Quebec imposes uranium moratorium

03 April 2013

No permits for uranium exploration or mining will be issued in Quebec until an independent study into its environmental impact has been completed, the provincial government has stated. Such moratoriums are not supported by science, says the Canadian nuclear regulator.

Quebec environment minister Yves-Francois Blanchet has requested that the province's environmental assessment agency (Bureau d'audiences publiques sur l'environnement du Québec, BAPE) conduct studies into the environmental and social impacts of uranium exploration and mining. These studies are expected to begin later this year, with a final report with recommendations to be presented by the Office of Public Hearings on the Environment to the government in 2014. The process will include public hearings.

Blanchet said that, "until the time that the Office of Public Hearings on the Environment tables its report, no certificate of authorization will be issued for projects of exploration and exploitation of uranium across the province."

Moratoriums "unfounded"

In October 2012, the Canadian Nuclear Safety Commission (CNSC) issued a licence to Strateco Resources authorizing exploration activities at the Matoush Underground Exploration Project in Quebec. Groups including the region's indigenous population, part of the Cree Nation, opposed the development and pushed for a moratorium on uranium exploration and mining in Quebec.

In response, CNSC president Michael Binder wrote an open letter saying that he was "dismayed that recent statements and discussions over the safety of uranium mining have been based neither on fact nor science."

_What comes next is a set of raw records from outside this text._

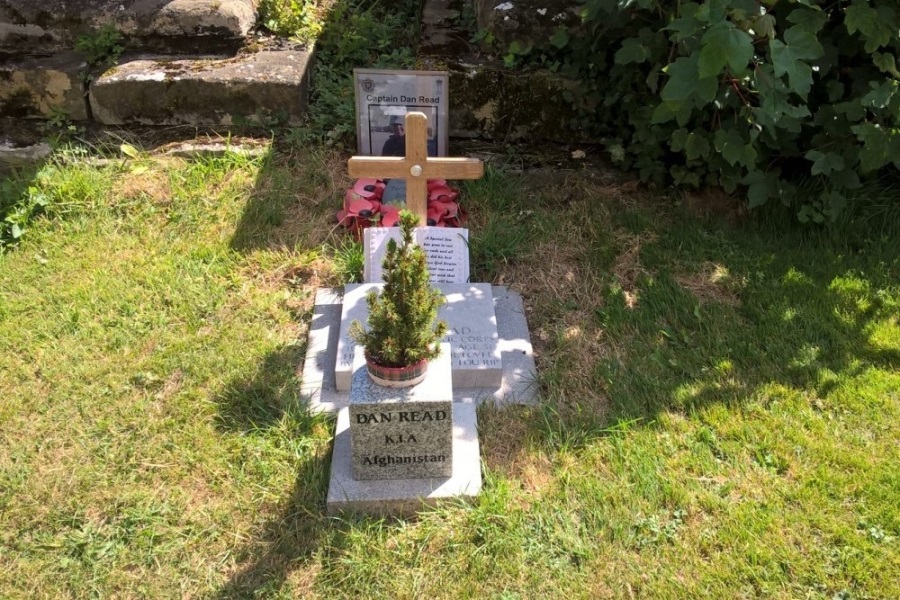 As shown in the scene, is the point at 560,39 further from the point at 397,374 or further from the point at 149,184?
the point at 397,374

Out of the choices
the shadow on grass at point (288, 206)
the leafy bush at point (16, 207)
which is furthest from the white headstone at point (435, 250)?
the leafy bush at point (16, 207)

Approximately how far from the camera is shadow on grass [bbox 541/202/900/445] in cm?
304

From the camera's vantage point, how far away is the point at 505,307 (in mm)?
3523

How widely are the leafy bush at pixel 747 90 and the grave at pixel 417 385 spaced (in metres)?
1.09

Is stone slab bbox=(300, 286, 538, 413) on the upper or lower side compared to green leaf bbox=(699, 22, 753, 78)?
lower

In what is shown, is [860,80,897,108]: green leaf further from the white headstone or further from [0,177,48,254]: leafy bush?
[0,177,48,254]: leafy bush

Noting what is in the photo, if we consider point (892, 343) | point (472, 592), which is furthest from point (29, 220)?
point (892, 343)

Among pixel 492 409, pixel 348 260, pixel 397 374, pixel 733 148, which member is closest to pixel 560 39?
pixel 733 148

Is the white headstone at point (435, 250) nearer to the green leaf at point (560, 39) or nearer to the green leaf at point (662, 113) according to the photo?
the green leaf at point (662, 113)

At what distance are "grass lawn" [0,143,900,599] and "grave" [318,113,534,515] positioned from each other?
89 millimetres

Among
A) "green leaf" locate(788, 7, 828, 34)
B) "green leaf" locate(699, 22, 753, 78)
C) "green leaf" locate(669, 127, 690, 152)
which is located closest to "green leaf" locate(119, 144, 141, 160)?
"green leaf" locate(669, 127, 690, 152)

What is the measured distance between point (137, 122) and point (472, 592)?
3.71 m

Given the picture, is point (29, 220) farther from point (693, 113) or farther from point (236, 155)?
point (693, 113)

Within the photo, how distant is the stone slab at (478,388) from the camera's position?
9.95 ft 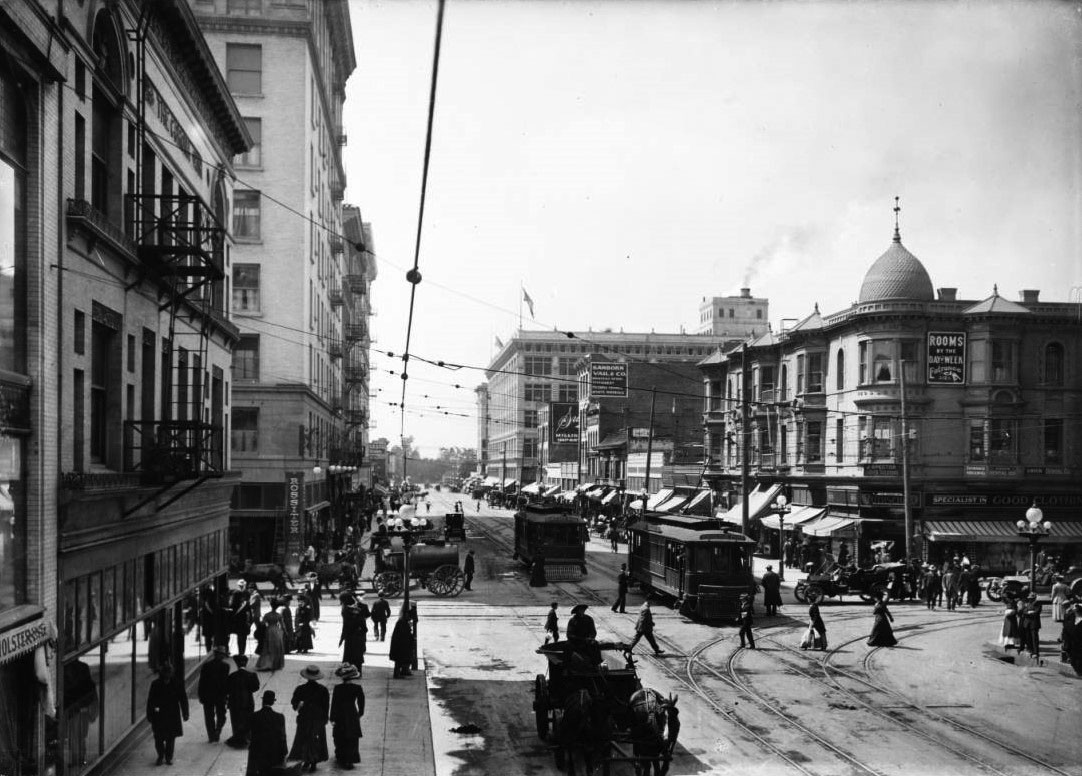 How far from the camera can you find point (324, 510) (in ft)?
186

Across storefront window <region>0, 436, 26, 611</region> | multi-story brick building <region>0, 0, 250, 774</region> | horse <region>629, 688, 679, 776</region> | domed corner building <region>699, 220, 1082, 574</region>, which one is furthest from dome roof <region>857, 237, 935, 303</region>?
storefront window <region>0, 436, 26, 611</region>

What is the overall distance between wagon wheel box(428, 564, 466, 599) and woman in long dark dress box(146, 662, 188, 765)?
20703mm

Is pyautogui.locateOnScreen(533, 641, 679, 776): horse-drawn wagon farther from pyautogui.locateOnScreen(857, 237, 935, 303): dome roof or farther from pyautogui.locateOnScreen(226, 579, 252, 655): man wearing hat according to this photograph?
pyautogui.locateOnScreen(857, 237, 935, 303): dome roof

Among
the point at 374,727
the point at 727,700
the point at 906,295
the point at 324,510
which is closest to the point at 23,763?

Binder noted, "Uranium mining is the only type of mining that has a dedicated federal regulator that oversees all aspects of operation on an ongoing basis. Provincial oversight is also strictly applied." He added, "In fact, uranium mining is the most regulated, monitored and understood type of mining in Canada."

"Activists, medical practitioners and politicians who have demanded moratoriums may have various reasons for doing so, but their claims that the public and environment are at risk are fundamentally wrong," Binder said. "The provincial governments that have decided to ban uranium exploration have done so ignoring years of evidence-based scientific research on this industry."